他们衣衫褴褛,面带菜色,已经连续数日断粮。这支队伍是闽赣省委和军区机关改编的新编第一团,共有630余人。
队伍的最前方,一个身材中等、面容坚毅的中年人正与几名部属商议着什么。此人便是闽赣省委书记兼军区政委钟循仁,时年30岁。
自1935年1月接任这个职务以来,短短四个月时间,他经历了无数次生死考验,目睹了根据地的逐步丧失,见证了队伍从数千人锐减到眼前这六百多人。
国民党军第九师和第五十二师已经对紫山形成合围之势,仙游等地的民团也在山下严密布防。
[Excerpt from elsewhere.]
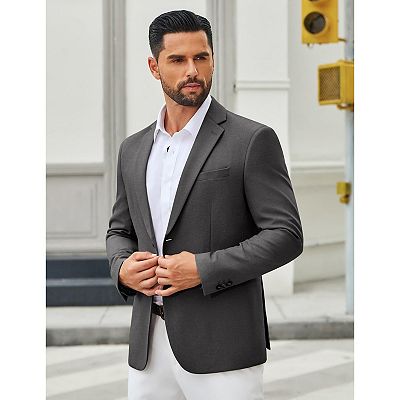 mens casual dress coats Weinexra Mens Casual Notch Lapel Long Trench Coat Single Breasted Solid  Color Pea Coat Business with Pockets Overcoat Jacket at Amazon Men's  Clothing store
粮食断绝,弹药将尽,前路茫茫。
更让钟循仁忧心的是,军区司令员宋清泉、政治部主任彭祜等人态度暧昧,多次提出要带队伍南下闽南,与省委的意见严重分歧。
5月初的一个傍晚,宋清泉向钟循仁提出,前面有个村庄可以下山弄些粮食。钟循仁同意后,宋清泉、彭祜带着大部队下了山。
夜幕降临,山上寂静无声。钟循仁等到深夜,发现下山的队伍始终没有返回。他突然意识到,恐怕发生了最坏的情况。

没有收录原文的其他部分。